*** Opening of RECORDS FOR THIS TASK ***

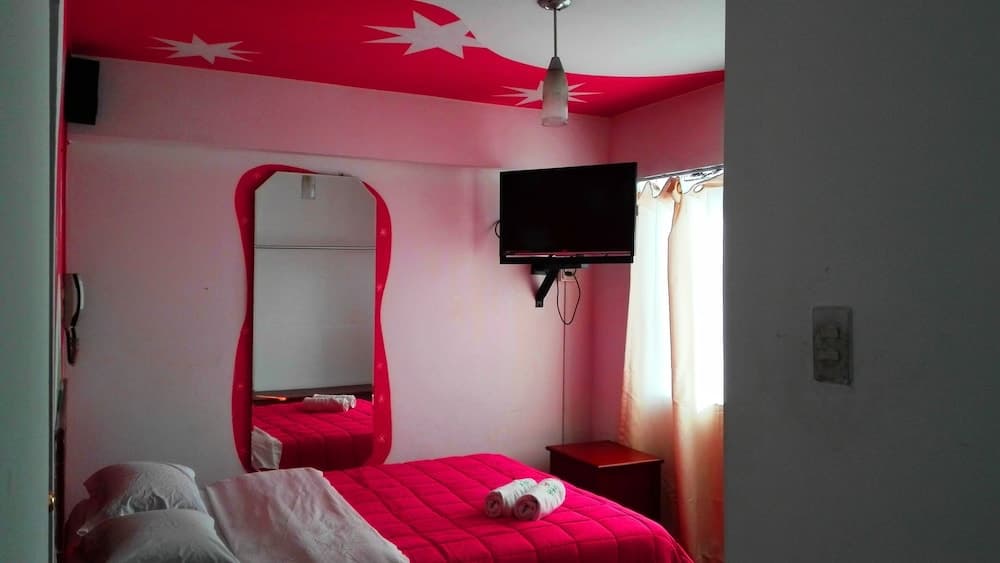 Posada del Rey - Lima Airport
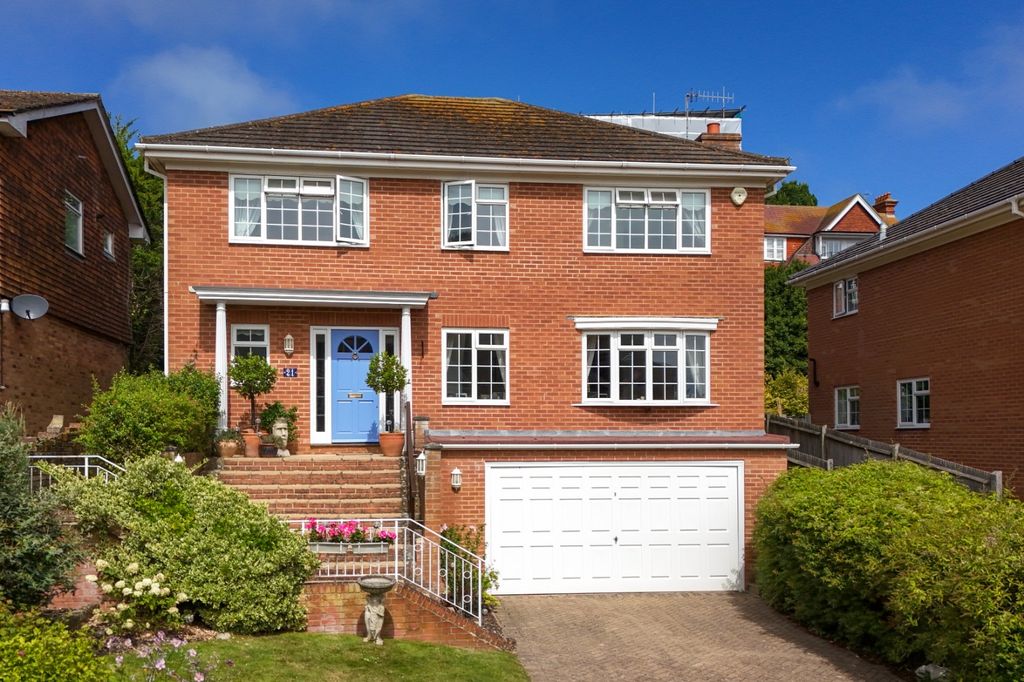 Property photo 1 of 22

*** Close of RECORDS FOR THIS TASK ***
*** Opening of RECORDS FOR THIS TASK ***

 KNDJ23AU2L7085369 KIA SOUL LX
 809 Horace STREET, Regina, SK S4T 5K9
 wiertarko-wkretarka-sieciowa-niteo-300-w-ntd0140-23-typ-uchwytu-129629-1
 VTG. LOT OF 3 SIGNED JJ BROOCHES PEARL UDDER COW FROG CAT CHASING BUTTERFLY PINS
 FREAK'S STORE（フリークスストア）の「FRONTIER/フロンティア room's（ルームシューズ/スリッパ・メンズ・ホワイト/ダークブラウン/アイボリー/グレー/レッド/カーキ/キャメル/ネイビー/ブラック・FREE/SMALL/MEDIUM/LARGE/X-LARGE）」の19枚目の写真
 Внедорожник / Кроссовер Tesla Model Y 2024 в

*** Close of RECORDS FOR THIS TASK ***

= WHAT THE EXERCISE ASKS =
Exactly the lines above, from the one containing "Posada del Rey - Lima Airport" down to the one containing "Property photo 1 of 22", are to be repeated, including both ends. Pictures are not part of the copy.

= EXERCISE OUTPUT =
 Posada del Rey - Lima Airport
 Property photo 1 of 22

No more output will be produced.